No... What I'm saying is that in 4E, the challenge level of encounters take into account an assumed bonus to attack, damage, saves and AC, which is calculated according to a formula derived by the game designers and is provided in the standard game by three basic magic items, but could practically be provided for by any other method you could possibly imagine -- heroic skill, adventurous virtue, luck, grace of the gods, guardian spirits, whatever. Changing the vehicle for those bonuses is a house rule, yes, but it's purely a "fluffy" stylistic houserule that has no impact on the mechanics of the game whatsoever.
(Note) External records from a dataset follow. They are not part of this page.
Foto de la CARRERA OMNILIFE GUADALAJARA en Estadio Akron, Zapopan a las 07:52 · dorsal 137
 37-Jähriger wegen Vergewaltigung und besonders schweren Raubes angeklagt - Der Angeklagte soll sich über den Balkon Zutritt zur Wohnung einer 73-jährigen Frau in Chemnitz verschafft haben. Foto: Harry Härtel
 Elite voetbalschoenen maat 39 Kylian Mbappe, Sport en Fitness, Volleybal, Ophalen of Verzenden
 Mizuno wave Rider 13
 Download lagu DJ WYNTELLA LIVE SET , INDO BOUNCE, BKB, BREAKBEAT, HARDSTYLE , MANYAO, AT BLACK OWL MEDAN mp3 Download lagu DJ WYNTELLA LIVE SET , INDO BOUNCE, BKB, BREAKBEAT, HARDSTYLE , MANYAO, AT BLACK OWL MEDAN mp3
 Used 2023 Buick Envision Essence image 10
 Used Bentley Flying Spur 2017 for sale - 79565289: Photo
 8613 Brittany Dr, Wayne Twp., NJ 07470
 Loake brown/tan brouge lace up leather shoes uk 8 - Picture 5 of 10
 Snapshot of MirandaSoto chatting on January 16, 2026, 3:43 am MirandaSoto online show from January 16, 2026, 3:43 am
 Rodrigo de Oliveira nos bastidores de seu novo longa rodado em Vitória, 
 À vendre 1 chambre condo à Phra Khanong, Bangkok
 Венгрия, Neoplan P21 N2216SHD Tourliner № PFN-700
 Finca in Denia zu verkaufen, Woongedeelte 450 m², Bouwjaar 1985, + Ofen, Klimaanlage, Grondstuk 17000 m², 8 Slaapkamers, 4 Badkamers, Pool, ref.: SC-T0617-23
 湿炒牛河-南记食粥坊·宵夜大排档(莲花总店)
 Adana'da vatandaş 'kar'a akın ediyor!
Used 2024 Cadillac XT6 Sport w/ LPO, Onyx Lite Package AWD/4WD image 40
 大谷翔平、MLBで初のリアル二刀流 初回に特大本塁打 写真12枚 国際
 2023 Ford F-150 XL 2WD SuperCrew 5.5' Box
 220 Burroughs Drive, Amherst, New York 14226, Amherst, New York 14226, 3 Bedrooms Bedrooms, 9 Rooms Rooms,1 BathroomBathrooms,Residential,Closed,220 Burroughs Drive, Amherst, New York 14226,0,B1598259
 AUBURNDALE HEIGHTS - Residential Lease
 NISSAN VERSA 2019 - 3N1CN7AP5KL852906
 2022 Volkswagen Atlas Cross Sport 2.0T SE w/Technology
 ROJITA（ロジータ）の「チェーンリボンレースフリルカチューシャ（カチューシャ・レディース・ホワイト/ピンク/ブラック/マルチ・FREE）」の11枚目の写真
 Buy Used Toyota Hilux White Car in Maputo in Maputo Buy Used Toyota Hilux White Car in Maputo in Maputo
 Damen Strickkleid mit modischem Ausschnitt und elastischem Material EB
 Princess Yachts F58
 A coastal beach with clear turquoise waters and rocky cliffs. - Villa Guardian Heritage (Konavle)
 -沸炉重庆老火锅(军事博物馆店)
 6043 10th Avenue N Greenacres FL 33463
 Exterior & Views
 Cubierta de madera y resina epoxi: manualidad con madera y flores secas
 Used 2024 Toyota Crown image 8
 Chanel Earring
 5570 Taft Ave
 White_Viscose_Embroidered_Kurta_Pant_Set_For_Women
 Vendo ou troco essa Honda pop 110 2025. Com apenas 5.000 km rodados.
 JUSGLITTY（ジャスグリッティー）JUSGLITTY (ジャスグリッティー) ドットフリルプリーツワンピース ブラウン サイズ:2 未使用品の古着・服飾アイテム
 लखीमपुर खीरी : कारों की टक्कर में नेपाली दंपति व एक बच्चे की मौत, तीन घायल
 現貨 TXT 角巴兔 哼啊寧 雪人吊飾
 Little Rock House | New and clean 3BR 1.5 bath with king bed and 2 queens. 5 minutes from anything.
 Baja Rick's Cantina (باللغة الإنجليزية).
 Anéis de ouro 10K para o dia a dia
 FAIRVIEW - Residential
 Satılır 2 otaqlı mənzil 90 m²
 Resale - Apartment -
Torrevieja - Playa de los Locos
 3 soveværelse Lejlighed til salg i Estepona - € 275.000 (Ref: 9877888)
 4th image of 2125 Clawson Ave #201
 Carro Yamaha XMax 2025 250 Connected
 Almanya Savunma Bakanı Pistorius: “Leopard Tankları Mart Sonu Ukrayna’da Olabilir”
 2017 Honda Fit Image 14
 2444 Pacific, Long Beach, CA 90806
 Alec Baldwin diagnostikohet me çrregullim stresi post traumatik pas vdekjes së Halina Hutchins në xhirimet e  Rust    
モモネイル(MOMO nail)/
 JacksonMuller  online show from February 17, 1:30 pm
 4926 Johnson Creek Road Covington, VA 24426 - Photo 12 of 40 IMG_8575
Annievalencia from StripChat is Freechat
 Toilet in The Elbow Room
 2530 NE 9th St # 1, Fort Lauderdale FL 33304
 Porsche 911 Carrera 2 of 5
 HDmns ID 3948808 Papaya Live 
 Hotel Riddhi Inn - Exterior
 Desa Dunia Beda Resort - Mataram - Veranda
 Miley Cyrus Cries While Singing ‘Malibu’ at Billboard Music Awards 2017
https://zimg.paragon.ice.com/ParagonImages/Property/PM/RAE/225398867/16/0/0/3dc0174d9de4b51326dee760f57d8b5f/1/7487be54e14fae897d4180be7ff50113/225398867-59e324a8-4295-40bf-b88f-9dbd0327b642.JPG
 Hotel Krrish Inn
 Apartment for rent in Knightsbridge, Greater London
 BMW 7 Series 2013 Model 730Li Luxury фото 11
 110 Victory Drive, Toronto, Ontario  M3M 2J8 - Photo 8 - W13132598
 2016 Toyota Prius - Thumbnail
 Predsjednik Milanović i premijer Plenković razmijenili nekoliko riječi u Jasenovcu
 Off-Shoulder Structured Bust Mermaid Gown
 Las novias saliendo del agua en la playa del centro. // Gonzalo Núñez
By this means, you eliminate the "dependence" on carrying magic items, since secondary magic items are factored into the challenge level of enounters and can therefore be left out entirely.

3rd Edition, on the other hand, assumed a particular monetary value of magic at each level without regard for what type of magic items were being used. There was simply no way to divorce magic items from challenge level calculations.

4th Edition makes it easy... Just ignore secondary magic items, and change the source of the bonus that normally comes from primary magic items. It's trivial.

4E may not be specifically designed to play without magic items, but the designers seem to be making it excessively easy to make that adjustment.


At any rate the point to my earlier response had nothing to do with houseruling, but the fact that there is a difference to requiring magic items (3E), and requiring a bonus to certain stats (4E)... In the standard rules, the required bonus is normally granted by magic items, but it doesn't have to be. So long as the assumed bonus still exists, magic items can be eliminated.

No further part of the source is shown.